┌──

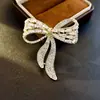 Nuevo Broche de Flor de Lujo Ligero de Alta Gama para Mujer, Diseño de Artesanía Pesada Broche de Animal con Diamantes, Accesorio Grande para Ropa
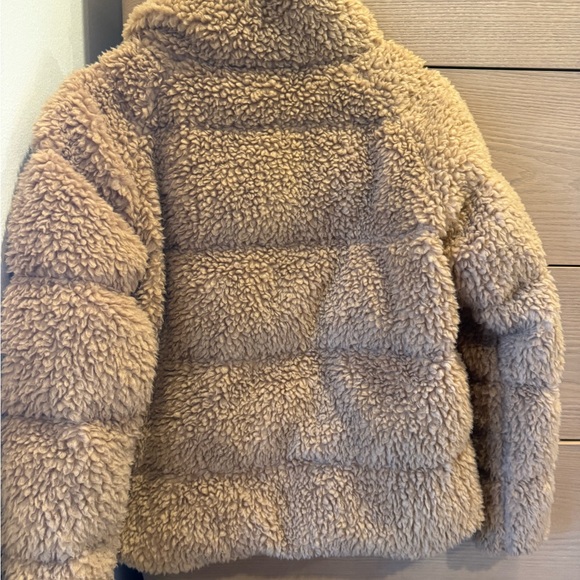 Patagonia Women's Cozy Brown Teddy Jacket - Picture 8 of 8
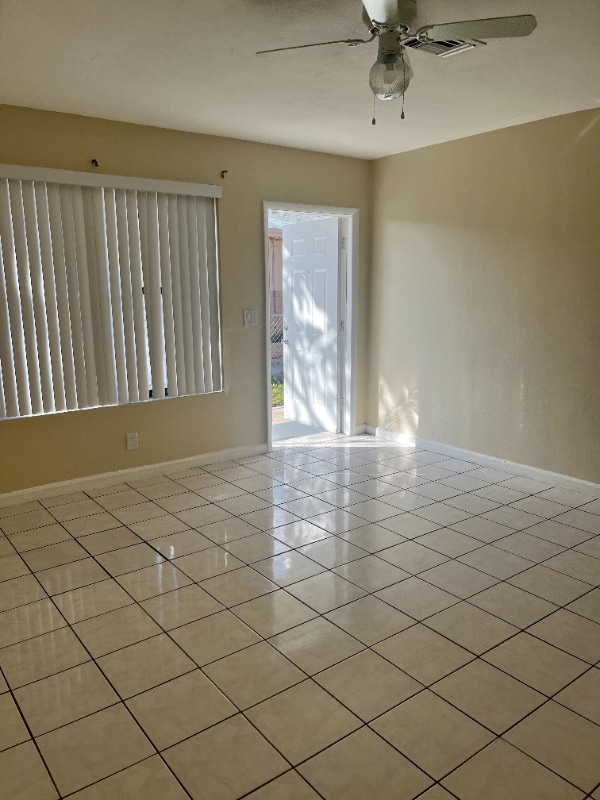 Foto del edificio - 913 SW 4th Terrace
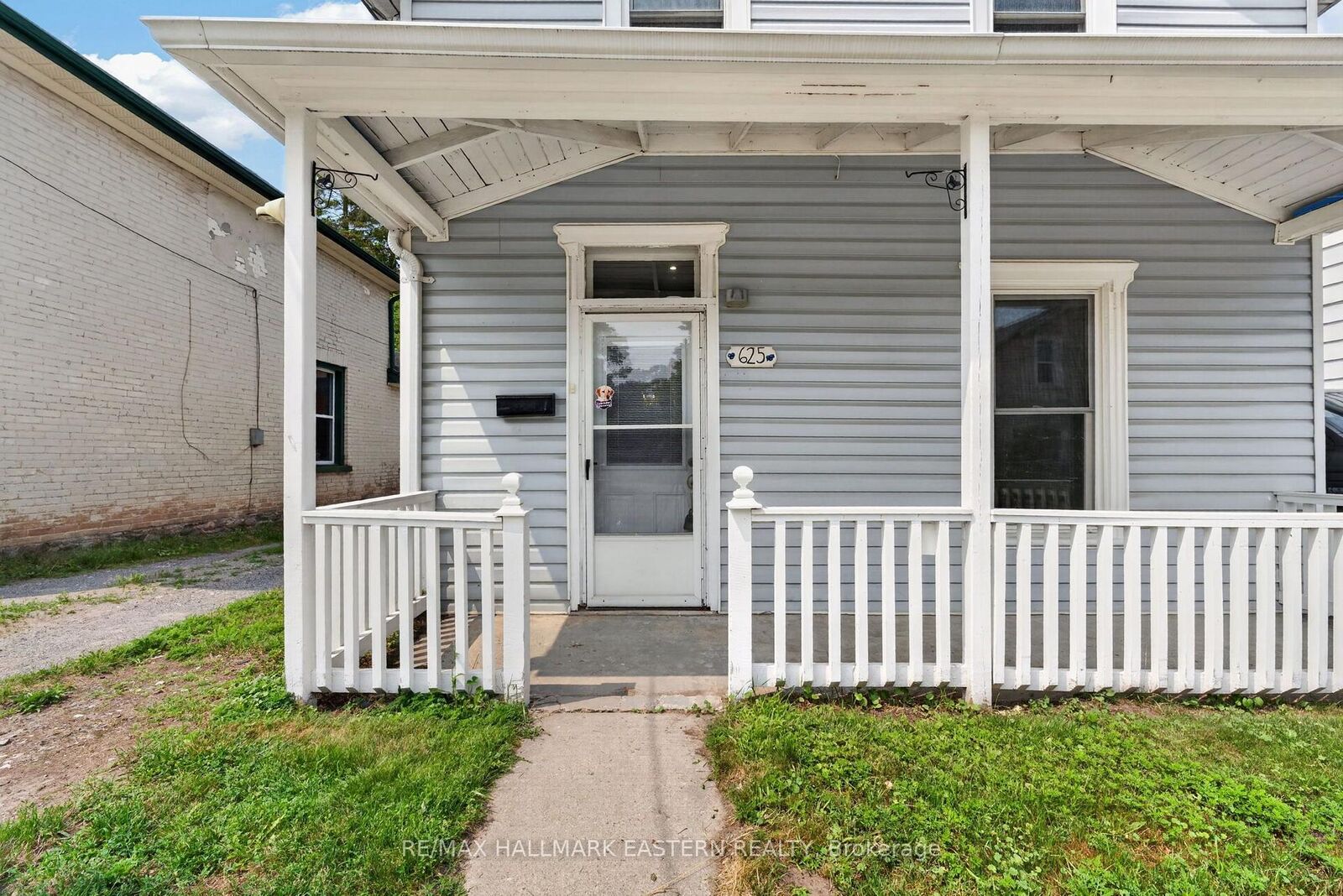 Property Photo: 625 Union Street ON K9H 3V4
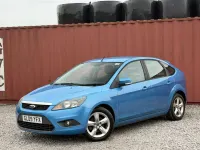 Usado Ford Focus Zetec 99 HP (72 kW) 2009 Azul Citadino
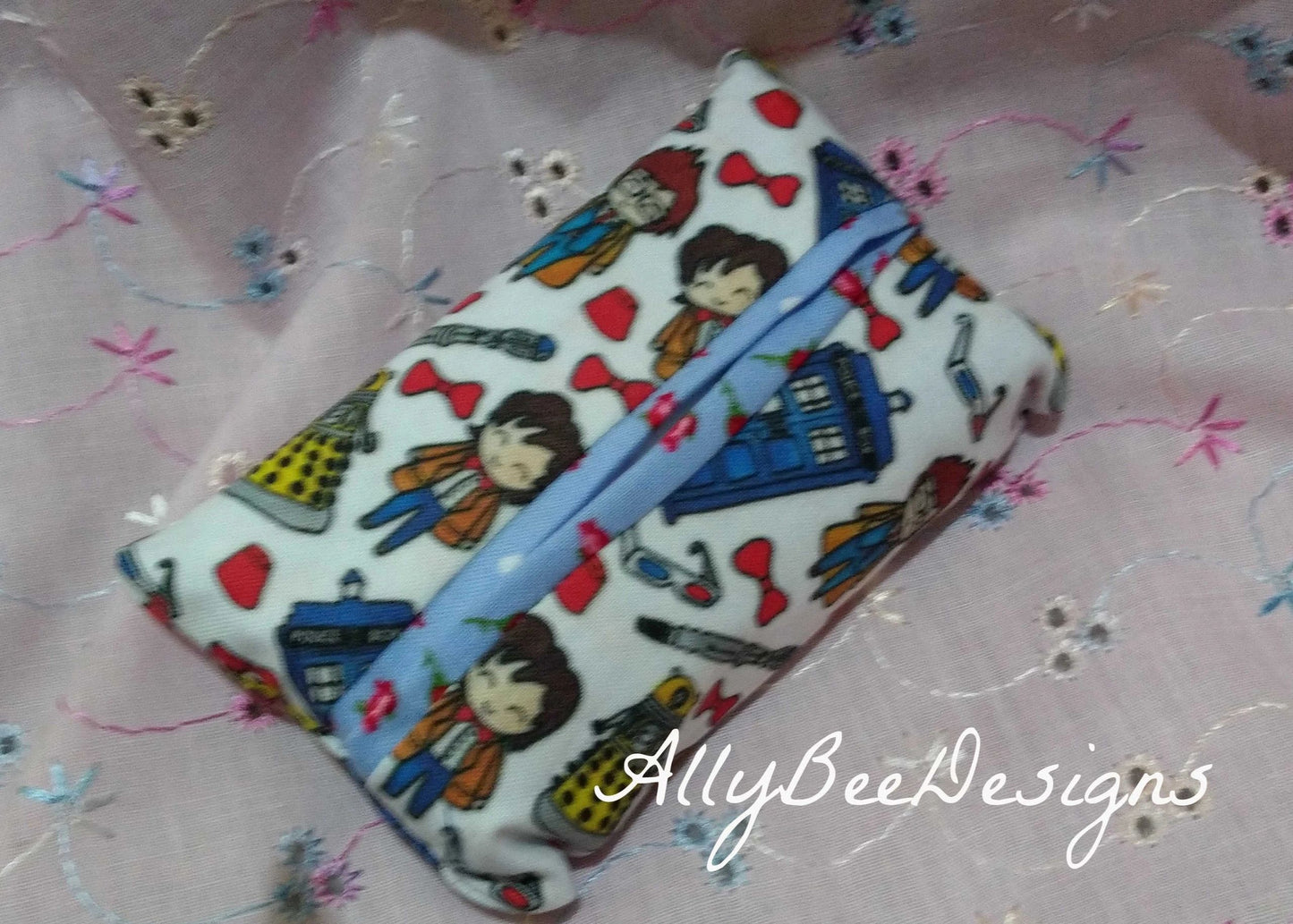 Handmade Tissue pocket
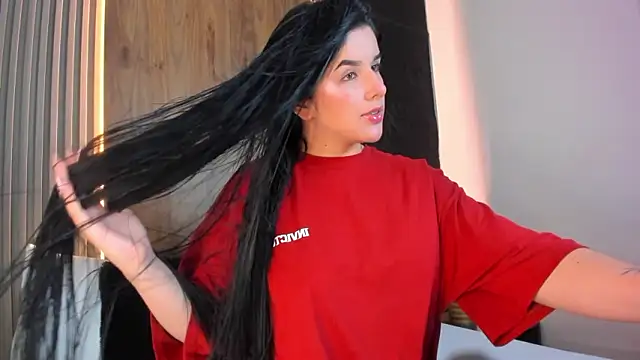 Snapshot of evelin_lopezz chatting on 02-18-26, 02:18 evelin lopezz online show from 02-18-26, 02:18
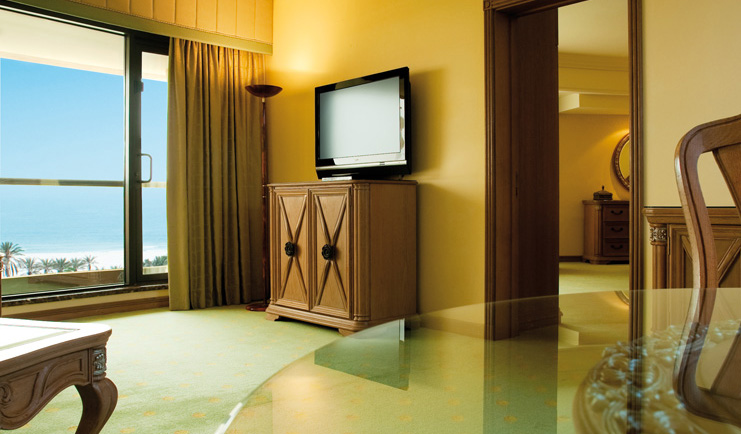 Le Royal Meridien Beach Resort and Spa Dubai suite lounge with sea view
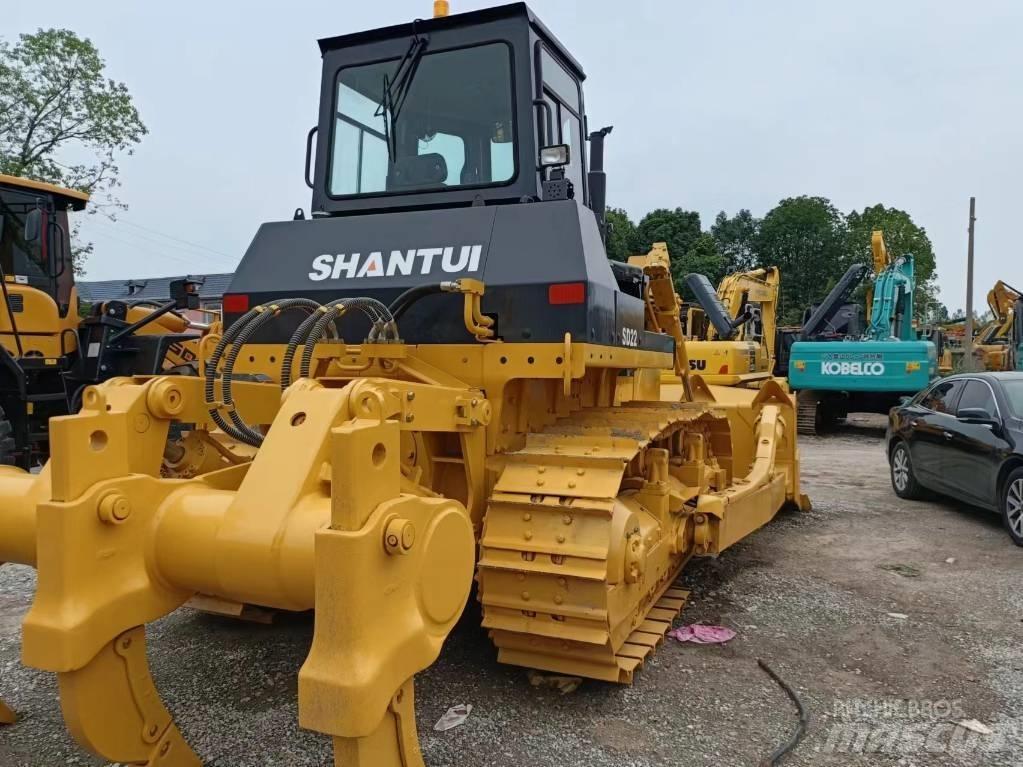 Shantui D22 Buldooserid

└──

### Problem to solve
From the first line to the last, output the data exactly; skip any pictures.

### Task result
 Nuevo Broche de Flor de Lujo Ligero de Alta Gama para Mujer, Diseño de Artesanía Pesada Broche de Animal con Diamantes, Accesorio Grande para Ropa
 Patagonia Women's Cozy Brown Teddy Jacket - Picture 8 of 8
 Foto del edificio - 913 SW 4th Terrace
 Property Photo: 625 Union Street ON K9H 3V4
 Usado Ford Focus Zetec 99 HP (72 kW) 2009 Azul Citadino
 Handmade Tissue pocket
 Snapshot of evelin_lopezz chatting on 02-18-26, 02:18 evelin lopezz online show from 02-18-26, 02:18
 Le Royal Meridien Beach Resort and Spa Dubai suite lounge with sea view
 Shantui D22 Buldooserid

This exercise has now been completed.